Two weeks ago we became proud owners of a golden puppy through Labrador Rescue in Cape Town.
Didi, as we’ve named her, lived in the suburbs and her owner was engagingly honest: she digs up the garden, she isn’t house-trained because she’s never lived indoors and she was expelled from puppy class because she was such a disruptive presence. Hmm.
Husband very attached to his garden so after much discussion we decided to live with some holes but we rolled up our beautiful Chinese silk carpets and headed off to collect Didi – or Delightful Didi as we now call her. At seven months she’s still very much a puppy and quite a handful but has fitted into our home so easily.
Not once has she messed in the house, she loves being out on walks and hassles our aged golden lab only a few times a day. Not one hole in the garden. So many people get a puppy when they have children – and usually a Labrador because everyone says labs are perfect with children.
Yes they are but they still need huge amounts of attention, love, training and time. Puppies nip, they jump, they shove – they are puppies after all! We’ve never had kids and I can assure you if I had I would not have a puppy if the kids were young. Just too much work.
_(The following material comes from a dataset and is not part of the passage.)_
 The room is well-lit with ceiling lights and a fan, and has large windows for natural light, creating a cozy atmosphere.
Even with two adults in the house we’ve hired a dog walker for those days where we can’t exercise her enough – and hired a dog trainer to make sure we’re on the right track – and she’s with us all the time when we’re home. Locking her out just makes things so much worse. But if you have the time and the energy they’re worth every second of love, loyalty and affection.
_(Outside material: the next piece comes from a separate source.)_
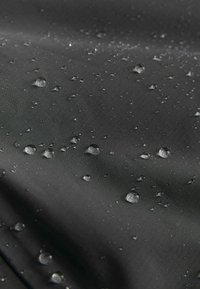 Sort stof med en glat tekstur, prydet med vanddråber spredt over overfladen, hvilket fremhæver dets vandafvisende egenskaber.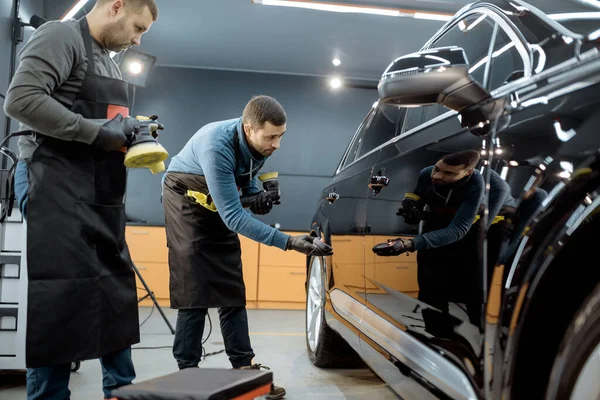 Workers examining vehicle body for scratches — 图库照片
Although I had doubts when I was stretched out on the couch watching TV and a very wet, gobby ball was shoved against my cheek the other night. Our days of peace are over for now.
From the 7th floor:
Things were tense on our floor this week. We’d lined up Advocate Barbie’s mom to speak exclusively straight after sentencing. But things took a lot longer at the court than anticipated. And of course they broke for lunch. Then Barbie was hauled off to jail and her mother collapsed, unable to speak to our journalist.
The first four pages in our mag were empty and waiting, we were waiting, the clock was ticking. We had no other option for a strong lead story. They weren’t answering their cellphones. Our journalist and photographer were pacing.
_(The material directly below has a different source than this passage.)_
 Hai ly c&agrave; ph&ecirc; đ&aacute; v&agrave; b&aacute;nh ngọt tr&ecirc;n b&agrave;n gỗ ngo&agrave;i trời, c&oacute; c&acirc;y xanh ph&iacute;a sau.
At the 11th hour we got our time with Cezanne Visser’s mother. Exhausted, drained and emotional she told us her story. We held the presses, we sent the cover to print seven hours later than usual and the staff signed off the final pages well after midnight.
But we did it – we got the story that everyone wants to read. Nadia, our news editor, aged visibly during the course of the day. She was close to tears, then overjoyed, as she announced the time and place we could finally do the interview. Our plan B could be shelved.